I'd assume it very much depends on your implementation, hardware, and the data characteristics.
Implementation:
An extreme case would be using GPU processing to compare entries. If you support that, having very large nodes, potentially just a single node containing all entries, may be faster than any other solution.
Hardware:
Cache size and Bus speed will play a big role, also depending on how much memory every node and every entry consumes. Accessing a sub-node that is not cached is obviously expensive, so you may want to increase the size of nodes in order to reduce sub-node traversal.
-> Coming back to implementation, storing the whole quadtree on a contiguous segment of memory can be very beneficial.
Data characteristics:
Clustered data: Having strongly clustered data can have adverse effect on performance because it may cause the tree to become very deep. In this case, increasing node size may help.
Large amounts of data will mean that you may get over a threshold very everything fits into a cache. In this case, making nodes larger will save memory because you will have fewer nodes and everything may fit into the cache again.

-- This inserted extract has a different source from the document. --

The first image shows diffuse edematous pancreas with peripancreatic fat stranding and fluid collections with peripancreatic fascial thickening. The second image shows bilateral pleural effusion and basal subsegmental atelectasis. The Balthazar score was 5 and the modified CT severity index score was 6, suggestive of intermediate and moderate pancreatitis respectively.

In my experience I found that 10-50 entries per node gives the best performance across different datasets.
If you update your tree a lot, you may want to define a threshold to avoid 'flickering' and frequent merging/splitting of nodes. I.e. split nodes with >25 entries but merge them only when getting less than 15 entries.

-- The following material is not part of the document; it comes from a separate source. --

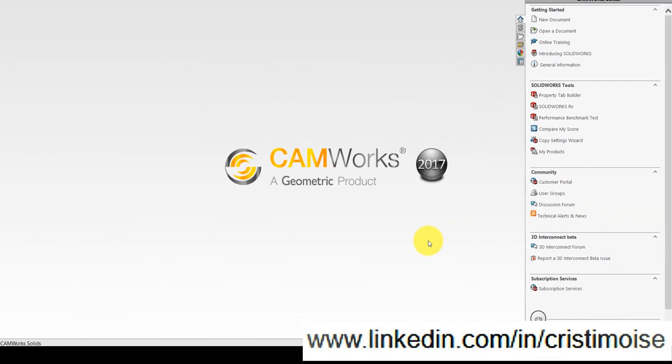Hello, today I want to show you the new functionality in SolidWorks 2017, which is called 3D Interconnect. With this new function, you can import and update without any translation any CATIA, NX, PTC, or Solid Edge file.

If you are interested in a quadtree-like structure that avoids degenerated 'deep' quadtrees, have a look at my PH-Tree. It is structured like a quadtree but operates on bit-level, so maximum depth is strictly limited to 64 or 32, depending on how many bits your data has. In practice the depth will rarely exceed 10 levels or so, even for very dense data. Note: A plain PH-Tree is a key-value 'map' in the sense that every coordinate (=key) can only have one entry (=value). That means you need to store lists or sets of entries in case you expect more than one entry for any given coordinate.